The central limit theorem (CLT for short) is an enormously powerful tool that makes much of what we do in statistics possible. But if you just read the actual definition, which you can find below, it’s pretty hard to understand why this theorem is so important. This blog post will help you understand both what the CLT is and why it is important for statistical inference.
“The central limit theorem states that if you have a population with mean μ and standard deviation σ and take sufficiently large random samples from the population with replacement, then the distribution of the sample means will be approximately normally distributed.”
Taking a step back
First, let’s take a step back and imagine a variable that is normally distributed in the population of interest. (If you need a refresher on what this means, check out our blog post on the normal distribution here.) Let’s use the example of height (a variable) for men in the United States (the population of interest).
We can see here that the mean height for men in the U.S. is 70.9 inches, which is calculated by collecting the heights for every single man in the U.S. and then calculating the mean. This value is called the population mean.
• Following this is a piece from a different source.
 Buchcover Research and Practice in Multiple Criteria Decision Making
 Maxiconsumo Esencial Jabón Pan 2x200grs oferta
But you can imagine that it’s really hard, probably pretty much impossible, to collect the heights for every single man in the U.S. This means that it’s impossible for us to know the true population mean (AKA the true mean of the heights of all the men in the U.S.). So what do we do?
Because it’s impossible to know the population mean, what we do in statistics is try to gather enough information to let us make good guesses about what the population mean is. In other words, we try to approximate the population mean as best we can with the information we have.
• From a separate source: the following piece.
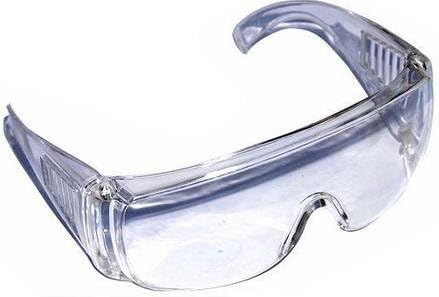 Safety Glasses With Shield Frame Eyewear - Personal Protective Equipment - For Home Project, Dental, Lab Work, Outdoor Use(Clear) by Vivid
To gather this information, we need to take random samples that are representative of the population. This means we can find a random group of men who are representative of men in the U.S. and find out what their heights are, and then calculate the mean. This value is called the sample mean.
But what would happen if we take a sample, calculate the sample mean, and then just use that as our approximation for the population mean? The problem with this approach is that because the samples we take are random, if you take 100 different samples, you will probably get numerous different sample means. This means there’s no way to know if one sample you took is actually a good approximation of the population mean.
For example, imagine you take a sample of 100 random men in the U.S. and find that the sample mean of their heights is 65 inches. But then imagine you take another sample of 100 different random men in the U.S. and find a sample mean of 75 inches. The differences in random samples that you take are called sampling fluctuations and they are the reason you can’t just assume the population mean based on a single sample mean.
Enter: the central limit theorem
Now imagine that instead of taking one sample of 100 random men in the U.S., you take 100 such samples. Each of these samples will have its own sample mean, which means we will have 100 total sample means.
From there, imagine if you plotted a histogram with each of these sample means. Remember that each sample mean is just a number, so you can plot it just like you would with the heights of individuals. The distribution of all 100 sample means is called the sampling distribution. The question is, what would this distribution look like?
This is where the central limit theorem finally kicks in. According to the definition we saw above, the central limit theorem states that the distribution of these sample means (AKA the sampling distribution) will be approximately normal. This means that if we plot the 100 sample means we calculated in a histogram, the distribution of the sample means will be approximately normal.
Putting it all together
To understand why all of this is important, remember the problem I laid out at the start: because we can’t measure the population mean directly, we need a way to approximate it. But we also can’t just take one sample, calculate the mean, and assume that is the population mean. Now the central limit theorem tells us that if we take multiple samples, the means of those samples will be distributed approximately normally.
The crucial consequence of this is that the mean of the sampling distribution approximates the population mean. In other words, the CLT tells us that as the sample size of each sample increases—i.e. if we took multiple samples of 1,000 men instead of just 100—the mean of the sampling distribution continues to approach the population mean. Here is a step-by-step run-through of the logic:
- Take multiple random samples of your population of interest (and it turns out the sample size for each samples needs to be at least 30, so in this case you would need to take multiple samples of the heights of at least 30 men)
- Calculate the mean for each sample and plot them to get the sampling distribution (which will be normally distributed)
- Calculate the mean of the sampling distribution
- Then, the CLT tells us that the mean of the sampling distribution is a good approximation of the population mean, and gets closer to it as the size of each of your samples increases
In this way, the CLT helps us approximate the population mean even when we can’t directly measure it by allowing us to make conclusions based on the samples we can directly measure. That is why the CLT is crucial for many of the inferences that underlie the practice of statistics.